Work to be completed: Across all the records, filter for lines with the word "Image" and copy them.

The records:

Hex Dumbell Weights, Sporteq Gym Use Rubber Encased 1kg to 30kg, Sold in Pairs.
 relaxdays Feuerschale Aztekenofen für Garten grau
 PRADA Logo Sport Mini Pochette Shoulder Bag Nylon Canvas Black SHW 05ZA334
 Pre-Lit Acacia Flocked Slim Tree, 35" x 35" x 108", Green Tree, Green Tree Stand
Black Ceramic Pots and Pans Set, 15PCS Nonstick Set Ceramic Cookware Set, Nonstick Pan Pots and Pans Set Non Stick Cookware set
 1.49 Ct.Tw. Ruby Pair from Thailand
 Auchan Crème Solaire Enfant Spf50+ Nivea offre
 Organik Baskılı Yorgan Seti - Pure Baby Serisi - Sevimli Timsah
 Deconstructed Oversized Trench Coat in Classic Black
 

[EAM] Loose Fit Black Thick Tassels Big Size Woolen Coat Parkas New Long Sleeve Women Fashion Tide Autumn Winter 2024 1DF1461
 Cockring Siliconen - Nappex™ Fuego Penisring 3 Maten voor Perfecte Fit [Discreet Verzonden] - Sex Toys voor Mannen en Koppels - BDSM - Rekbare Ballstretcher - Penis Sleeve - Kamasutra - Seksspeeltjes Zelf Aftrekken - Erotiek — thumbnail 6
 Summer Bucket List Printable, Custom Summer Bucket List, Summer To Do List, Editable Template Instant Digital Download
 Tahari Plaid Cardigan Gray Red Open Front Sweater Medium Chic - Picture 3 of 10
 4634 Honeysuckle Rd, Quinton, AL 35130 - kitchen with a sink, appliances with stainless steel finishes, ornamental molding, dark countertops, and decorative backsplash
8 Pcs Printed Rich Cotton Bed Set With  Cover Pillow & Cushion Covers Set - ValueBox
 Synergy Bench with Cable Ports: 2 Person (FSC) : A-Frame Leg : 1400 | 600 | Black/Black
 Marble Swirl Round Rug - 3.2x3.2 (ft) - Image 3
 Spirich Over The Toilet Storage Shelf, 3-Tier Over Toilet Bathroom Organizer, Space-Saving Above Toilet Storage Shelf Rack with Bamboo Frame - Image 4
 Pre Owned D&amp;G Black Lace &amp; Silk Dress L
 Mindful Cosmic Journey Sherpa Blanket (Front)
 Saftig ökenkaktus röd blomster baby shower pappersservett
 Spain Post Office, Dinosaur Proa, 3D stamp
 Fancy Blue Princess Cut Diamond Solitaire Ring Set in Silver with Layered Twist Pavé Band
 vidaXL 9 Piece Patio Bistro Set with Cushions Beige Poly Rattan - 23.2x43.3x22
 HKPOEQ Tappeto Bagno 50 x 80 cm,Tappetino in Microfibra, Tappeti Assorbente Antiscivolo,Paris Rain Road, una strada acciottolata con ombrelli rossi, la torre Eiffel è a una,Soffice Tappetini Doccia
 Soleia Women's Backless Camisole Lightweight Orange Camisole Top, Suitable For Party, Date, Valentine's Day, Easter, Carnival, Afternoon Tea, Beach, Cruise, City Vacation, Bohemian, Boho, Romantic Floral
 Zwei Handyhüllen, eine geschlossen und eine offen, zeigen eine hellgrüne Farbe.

Exercise result:
 Marble Swirl Round Rug - 3.2x3.2 (ft) - Image 3
 Spirich Over The Toilet Storage Shelf, 3-Tier Over Toilet Bathroom Organizer, Space-Saving Above Toilet Storage Shelf Rack with Bamboo Frame - Image 4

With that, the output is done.